The September 11th attack
Visitor industry laying off staff
By Johnny Brannon
Advertiser Staff Writer
Unemployment claims are skyrocketing as Hawai'i's economy reels from the impact of last week's terrorist attacks on the World Trade Center and Pentagon.
"I've never seen it this busy in the nine years I've worked here," said labor department spokesman Tom Jackson.
Many hotels and other businesses connected to the state's massive visitor industry have been hit especially hard as a dramatic drop in travelers brought Island tourism to a virtual standstill.
Yesterday, Aloha Airlines became the first local company to announce major layoffs when it joined the ranks of national carriers announcing cutbacks and said it will let go roughly 250 workers, with some of the cuts effective immediately. Hawaiian Airlines also expects to announce schedule and employee cutbacks.
Most of the state's major hotels and retailers said they had not had any large-scale layoffs, but most of the people applying for benefits this week have been from tourism businesses that have scaled back by cutting a few workers and reducing employee work hours.
Many workers streaming into the unemployment office in Honolulu hadn't worked for days and had no idea when they would be called back. Such workers are eligible for partial benefits based on the number of work hours they miss, regardless of whether they are still considered employed.
Several large hotels that cut back on workers' hours have arranged for unemployment officials to process large numbers of claims on-site, Jackson said. Unemployed workers who qualify can receive a maximum of $383 per week for up to six months, but federal labor officials could extend the time limit if necessary.
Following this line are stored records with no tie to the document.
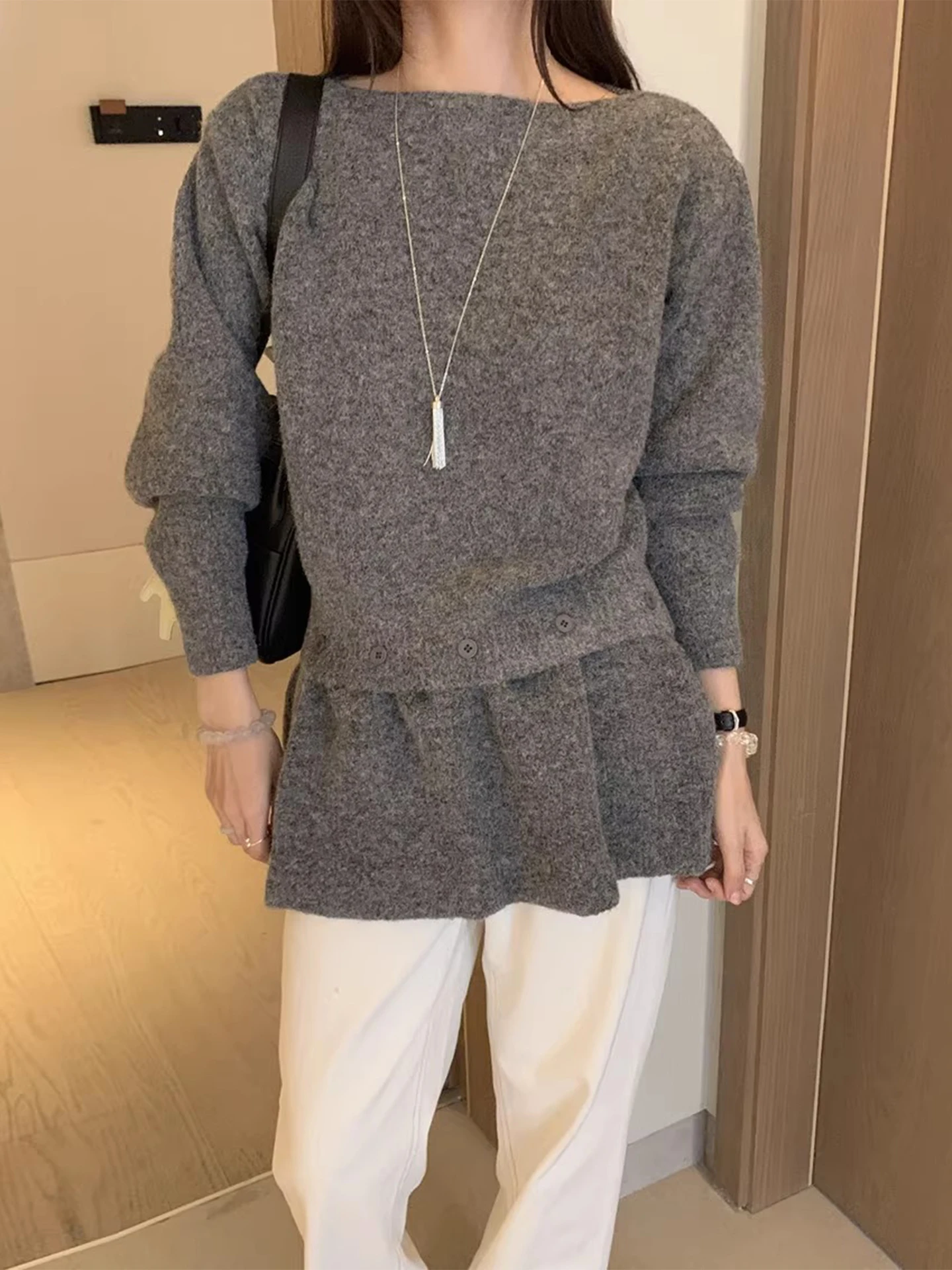 سترة نسائية محبوكة ناعمة ومريحة مع تصميم بحاشية قابلة للفصل وصلت حديثًا لون نقي ومتعددة الاستخدامات ملابس تريكو غير رسمية للتنقل... #1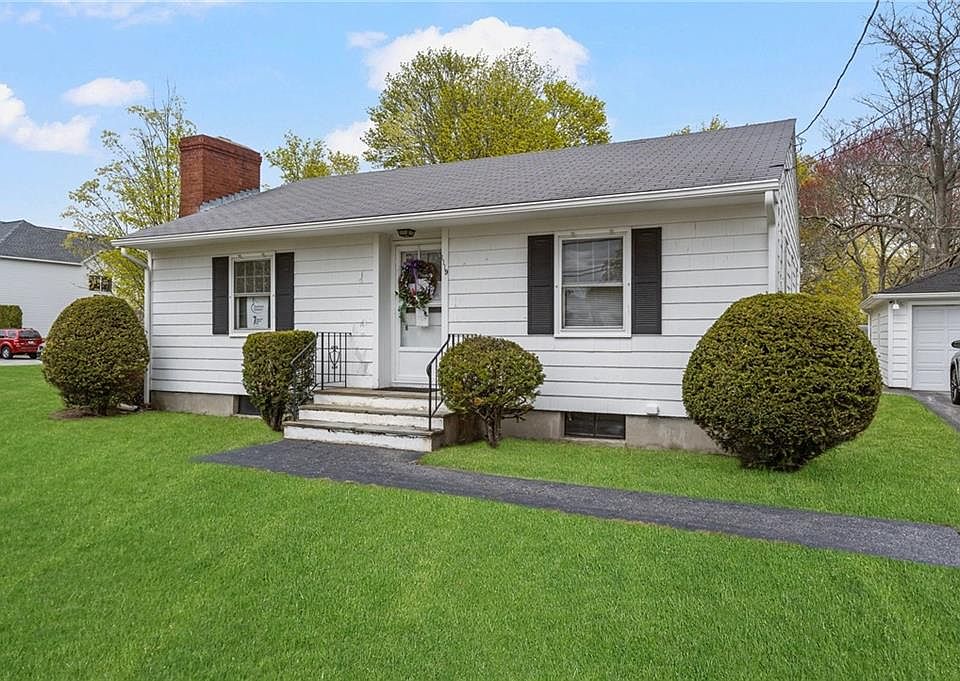 1119 Main Ave, Warwick, RI 02886 MLS 1333373 Zillow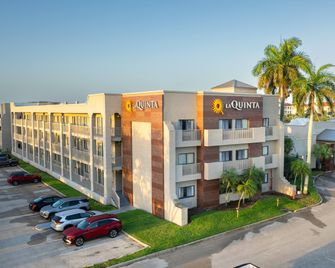 La Quinta Inn & Suites by Wyndham Ft. Myers-Sanibel Gateway - פורט מאיירס - בניין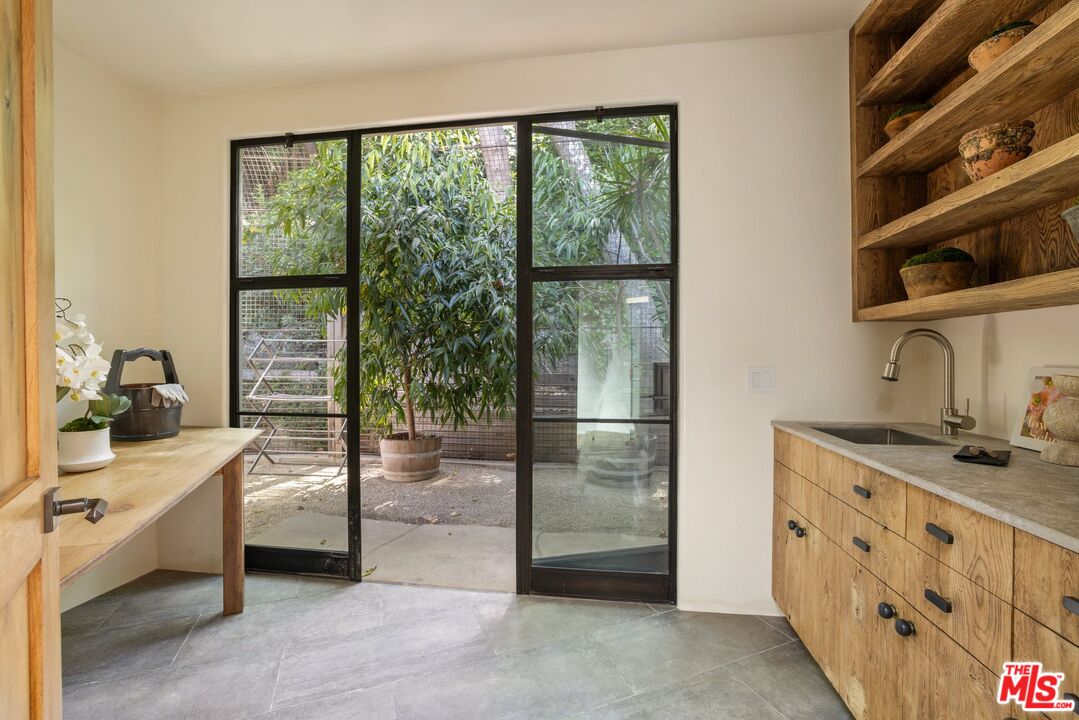 3099 Mandeville Canyon Rd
State economist Pearl Imada Iboshi said there is no immediate way to quantify the Sept. 11 terrorist attacks' impact on the state's economy. But officials fear that the unemployment lines will steadily grow if the downturn lasts much longer and the threat of large-scale layoffs grows. Hotels continue to report low occupancy and businesses statewide from restaurants to skydiver schools continue to suffer.
Matthew Ching, who works for a company that produces weddings for visitors from Japan, hasn't worked since Saturday.
"I'm the only one supporting my family, so I need some kind of money coming in," he said. "Right now we're down to my last paycheck, and after that we'll have to use credit cards. It's really depressing to see everyone out of work. There's just no money coming into Hawai'i."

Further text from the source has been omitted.